KOTOMONO.CO – Siaran Wedangan kali ini, sedikit rerasan soal pagebluk. Beberapa penelepon yang menghubungi kami di studio, sedikit mengupas masalah itu. Ya namanya juga masih musim pagebluk. Jadi wajarlah kalau ada obrolan soal itu juga.
Tapi, jangan salah. Di Wedangan, masalah pagebluk tidak dibahas dengan bahasa-bahasa yang seram dan terkesan menakut-nakuti seperti di berita-berita itu. Malah, obrolan khas Wedangan membuat masalah pagebluk itu menjadi sesuatu yang serba konyol dan kreatif. Lho… namanya juga Wedangan. Isinya ya orang-orang yang selalu menjaga ‘ketidakwarasannya’. Harus siap ngedan. Bahkan siap tidak dianggap waras.
Nah, penelepon pertama yang menyoal pagebluk itu namanya Ojan. Jelas itu bukan nama sebenarnya. Nama beken. Tapi ndeso! Ha ha ha ha! Dan memang Ojan itu orang desa. Malah, pucuk gunung sisan!
Dengan bahasa Jawanya yang mula-mula halus, ia berkelakar soal pagebluk. Katanya, gara-gara pagebluk nggak ada orang nyebar undangan. Entah itu nikahan, sunatan, atau yang lainnya. Pada takut. Bukan takut sama pagebluknya. Tapi, takut kalau disatroni polisi lalu dibubarkan.
Akibatnya, tak ada nasi berkat yang bisa buat sarapan. Ha ha ha ha! Jaan Ojan. Rupanya sampean itu tergolong kaum pemburu berkat. Sama seperti saya.
Lho lumayan loh kalau pas musim hajatan. Hampir tiap hari ada nasi berkat. Bisa ngirit. Minimal untuk sarapan, nggak harus beli nasi. Lha sekarang, selain harus beli nasi buat sarapan, isi dompet juga semakin menipis. Wah, kalau dibiarkan terus begini bisa ambyar!

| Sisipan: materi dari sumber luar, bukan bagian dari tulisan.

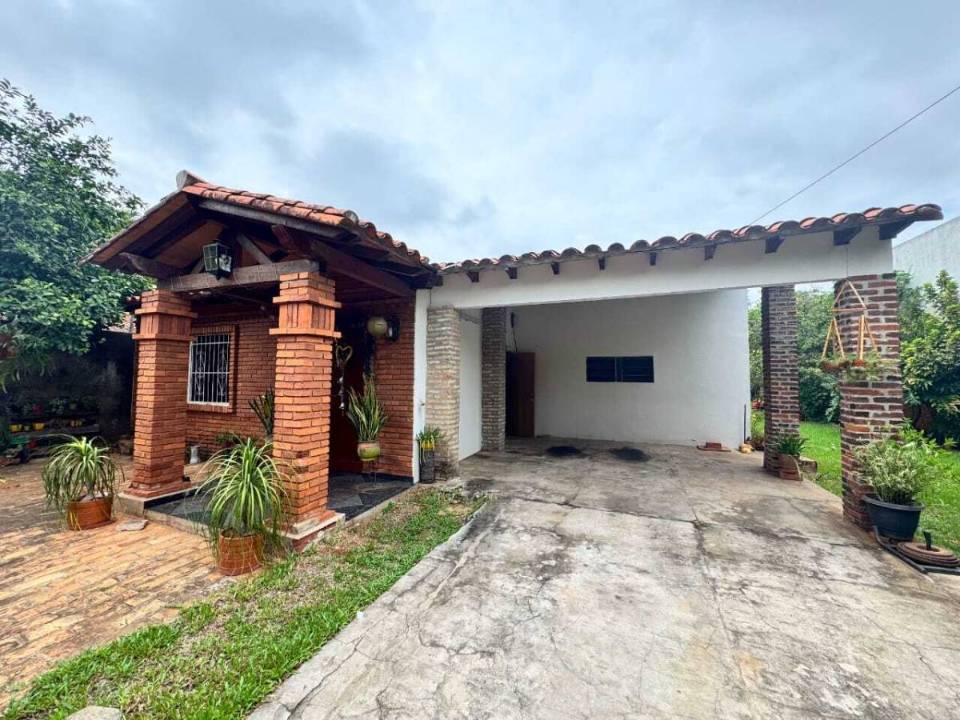 Casa en venta en Luque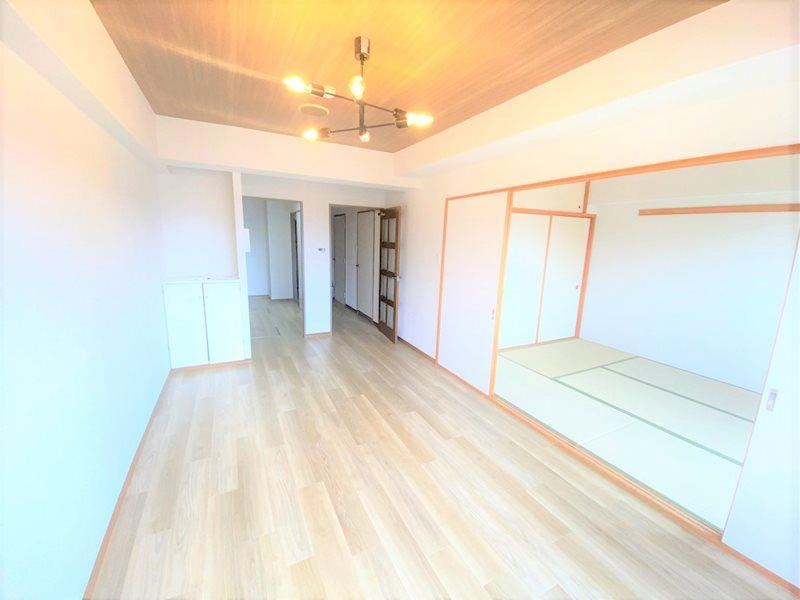 2LDK apartment in Takasaki, Gunma - Photo 1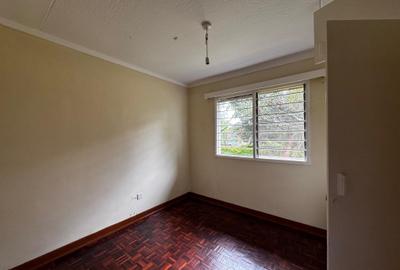 4 Bed House with En Suite in Loresho - 4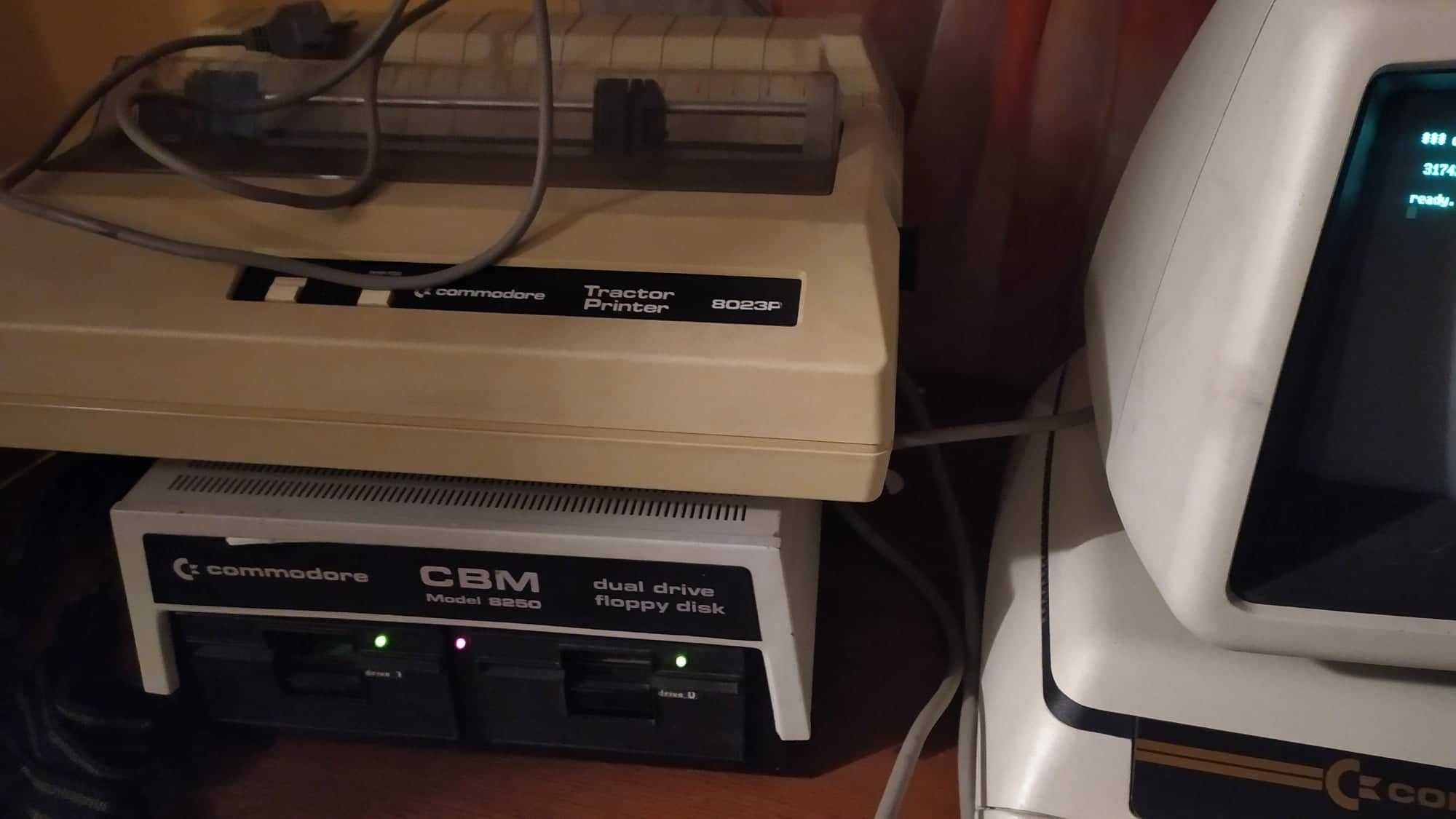 Computer Commodore 8032-SK - sprawne +  stacja 8250
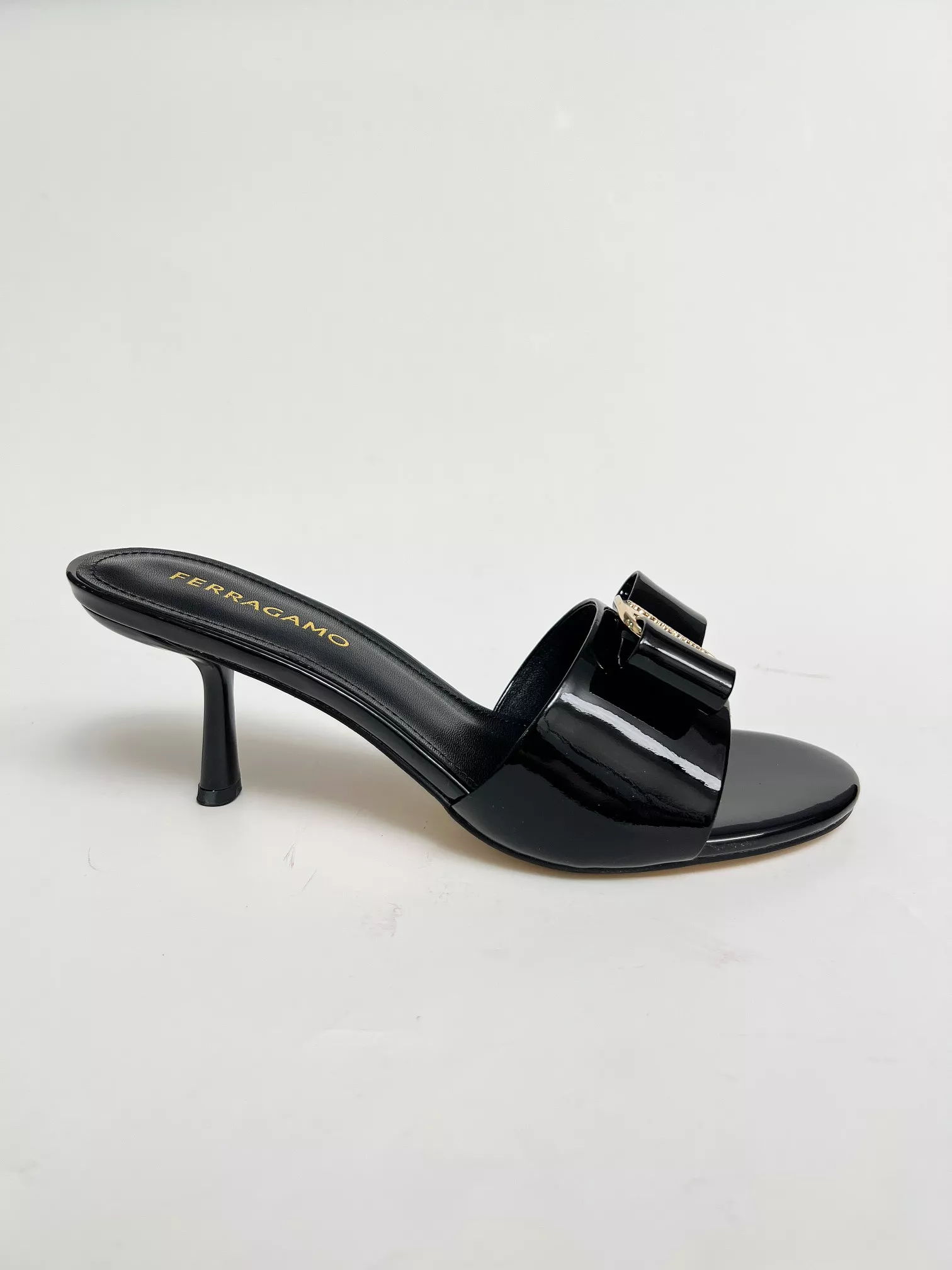 Salvatore Ferragamo Slippers For Women Minimalist 5886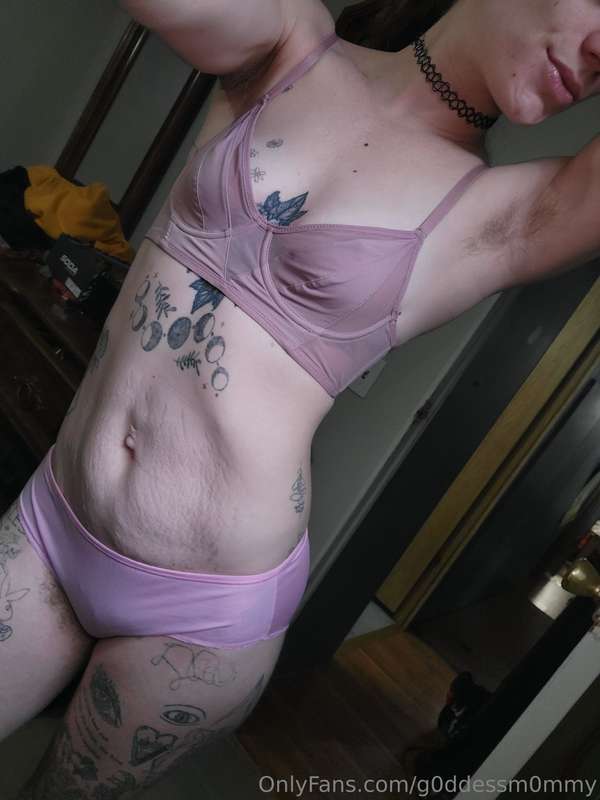 Happy valentines day from your lady in pink 💗 💓 3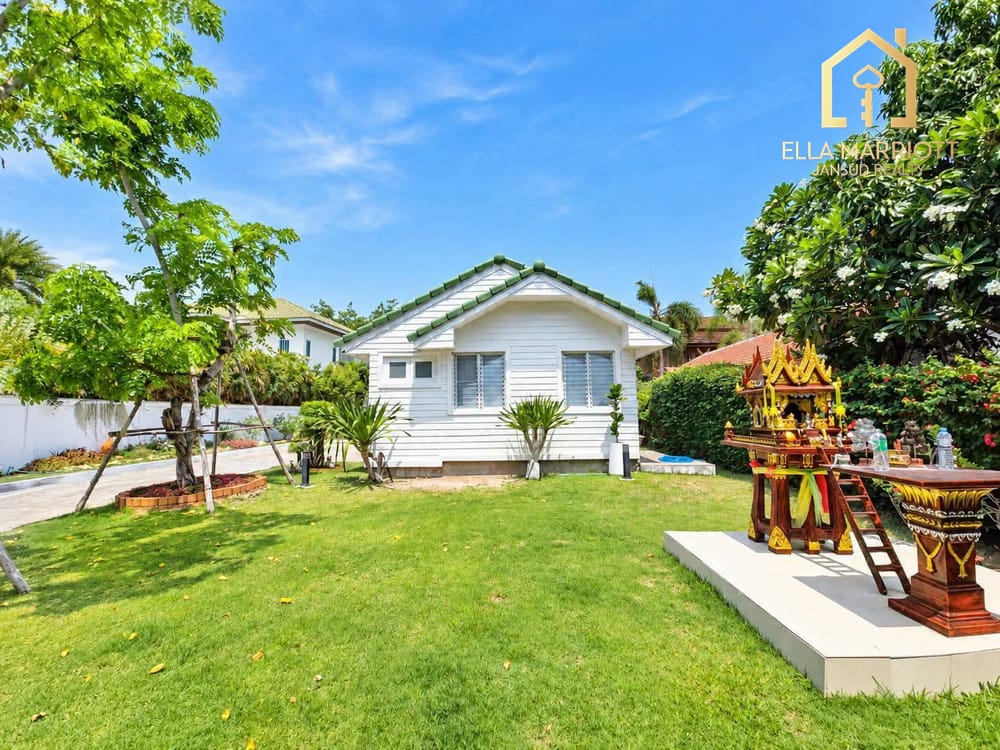 Exclusive Lakefront Luxury Pool Villa at Palm Hills Hua Hin 3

Sama persis yang dikeluhkan Pakdhe Soleh, penelepon kedua yang menyoroti soal pagebluk. Bapak yang hobinya mancing ini pun mulai merasakan dampaknya. Dompet menipis. Sementara mau mancing juga aras-arasen. Sebab, untuk memancing ikan saja, ia tentu butuh asupan makanan supaya nggak masuk angin. Sekarang, ia mesti super irit.
Tapi, di balik keluh kesah bapak yang satu ini, ada kekhayalan yang menggelitik. Pakdhe Soleh tiba-tiba saja membayangkan sebuah adegan ijab kabul pernikahan. Dengan aturan jaga jarak dan nggak boleh salaman, kira-kira salamannya gimana?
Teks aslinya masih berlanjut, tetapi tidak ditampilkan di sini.